(Brief descriptive captions)
━━━━━━━━

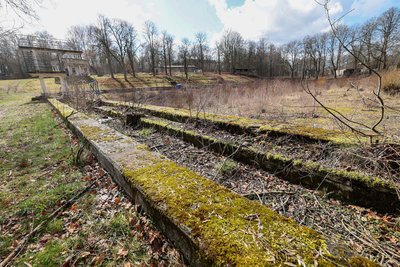 Durch Arbeitseinsätze des Fördervereins und zuletzt durch eine Fachfirma wurden etliche Bäume und Sträucher im alten Badgelände entfernt. Doch ein echter Baubeginn ist nicht in Sicht.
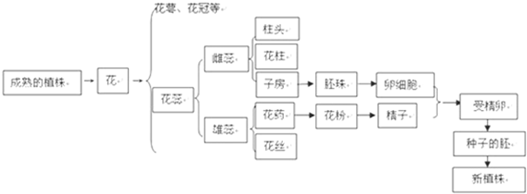 360优课网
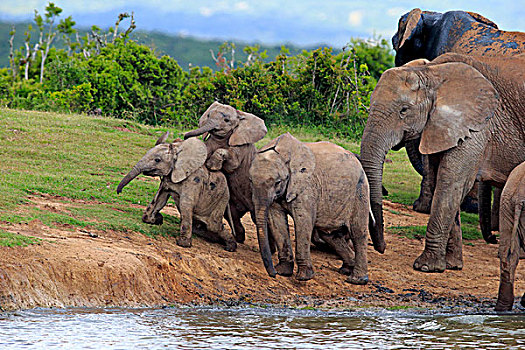 非洲象,牧群,小动物,水坑,阿多大象国家公园,东开普省,南非,非洲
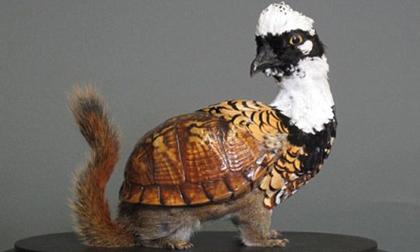 Những động vật "lai" kỳ thú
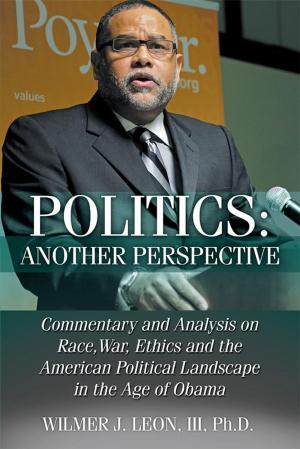 Cover of the book Politics: Another Perspective by J.Paul Stenchion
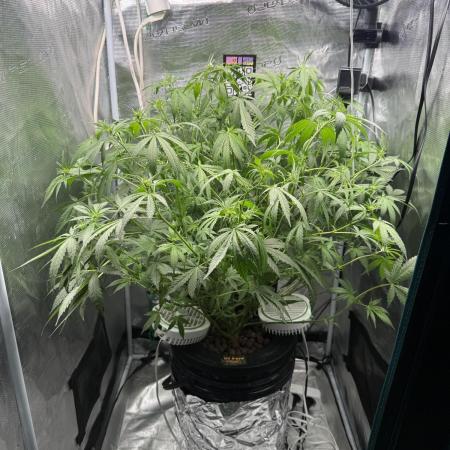 First Time DWC Pineapple Kush Grow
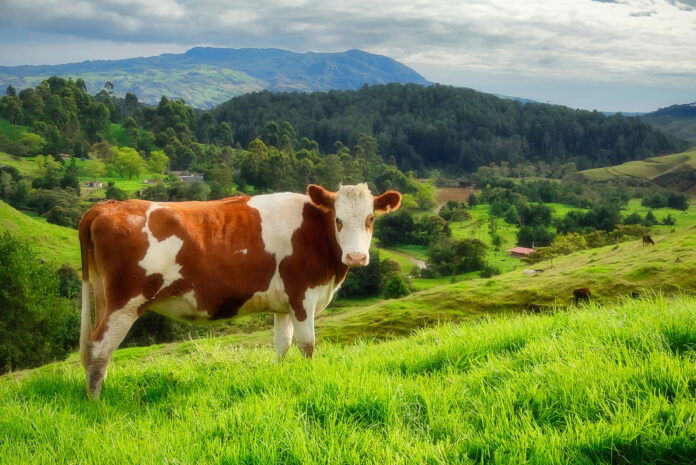 Cow Beef Cattle-unsplash- Web Stock@09-08-2024-10:36:52.jpg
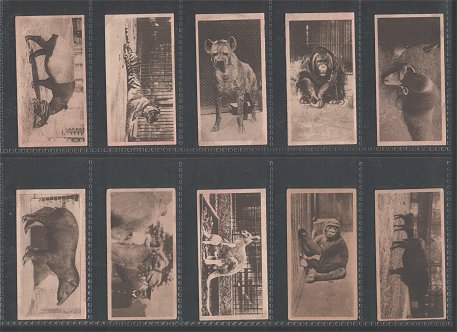 Zoological Studies 1928 very good condition but just a few cigarette cards have slight stains on back side Some of the animals feature are Orang-utan, Tigers, Gorilla, Kangaroo, Camel, Brazilian tapir ,chimpanzee, Elephant, Leopard,  Puma, Rhinoceros, Hippopotamus, Lion, Jaguar, .Bear, and etc.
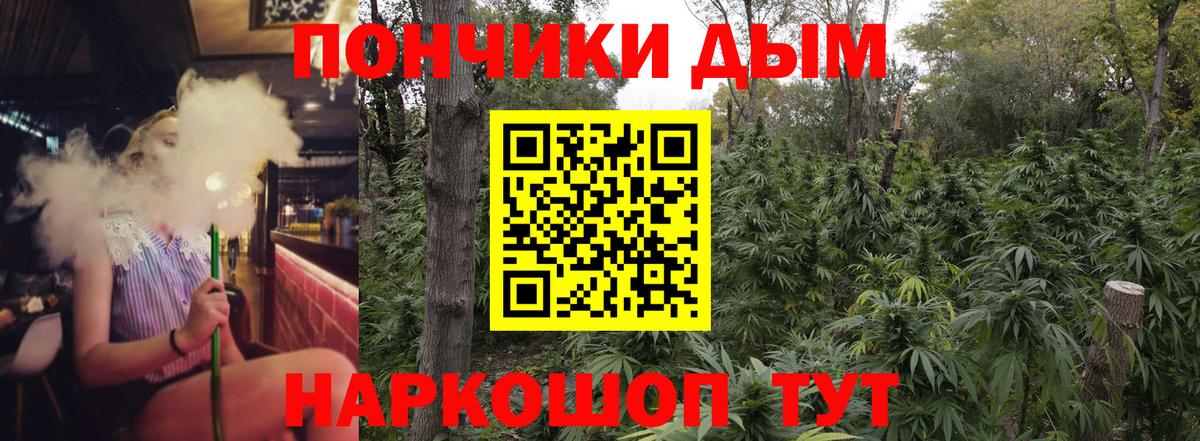 Шишки марихуана гибрид Северобайкальск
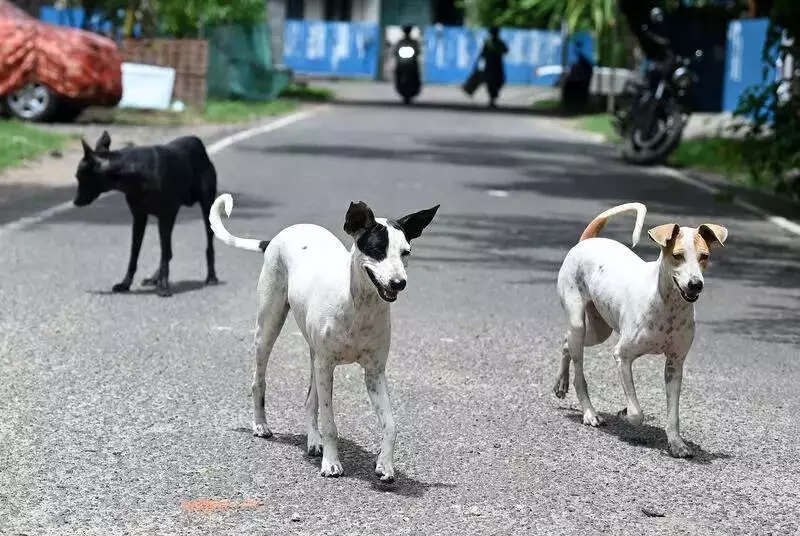 Stray Dog Menace Escalates in Chennai's Tambaram, Over 450 Bites in One Month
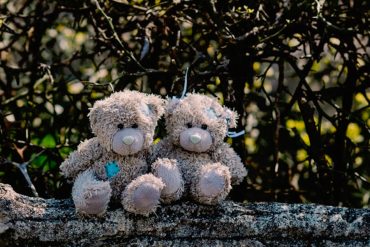 Zwei niedliche Teddybären sitzen Arm in Arm.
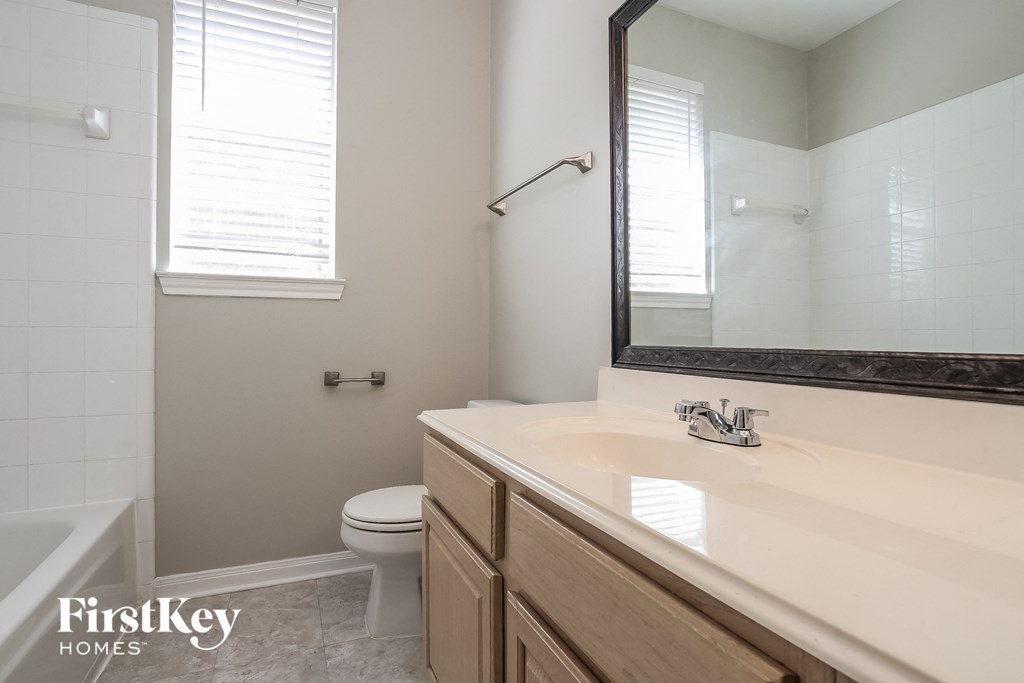 a bathroom with a sink and a toilet and a mirror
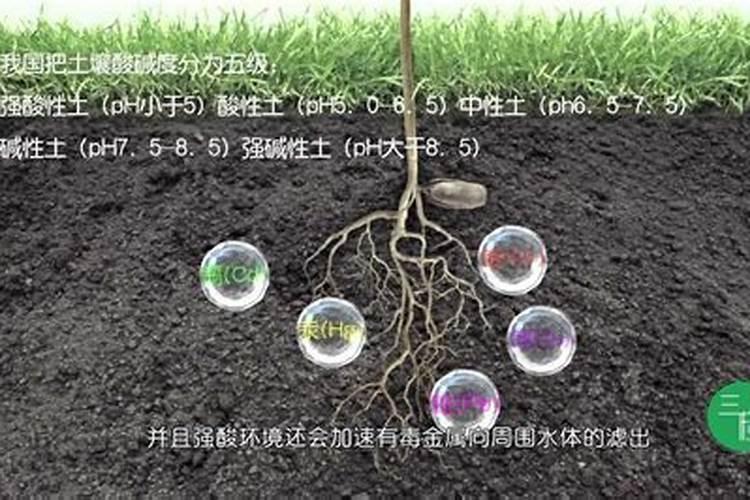 过量施肥会导致土地酸化吗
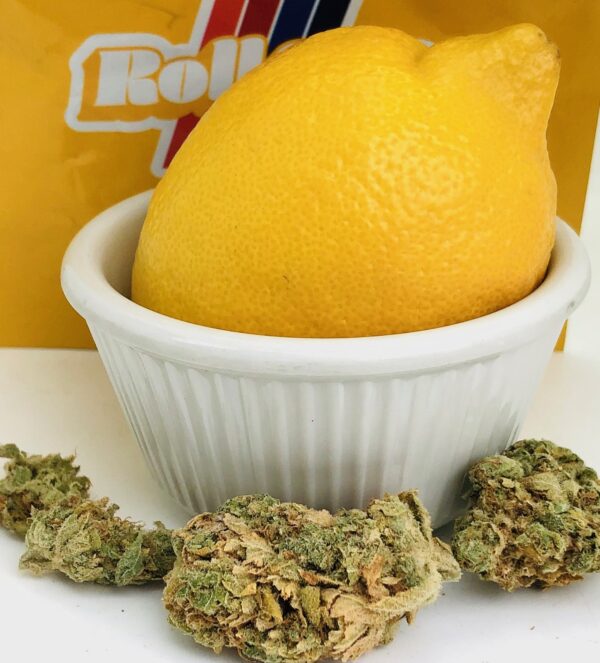 Lemon Kush Headband by Roll One /Harvest Maryland Cannabis Reviews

━━━━━━━━

Directions:
Every line from the one with "非洲象,牧群,小动物,水坑,阿多大象国家公园,东开普省,南非,非洲" through the one with "Cow Beef Cattle-unsplash- Web" is to be reproduced exactly as written above, and the pictures are to be dropped.

Answer:
 非洲象,牧群,小动物,水坑,阿多大象国家公园,东开普省,南非,非洲
 Những động vật "lai" kỳ thú
 Cover of the book Politics: Another Perspective by J.Paul Stenchion
 First Time DWC Pineapple Kush Grow
 Cow Beef Cattle-unsplash- Web Stock@09-08-2024-10:36:52.jpg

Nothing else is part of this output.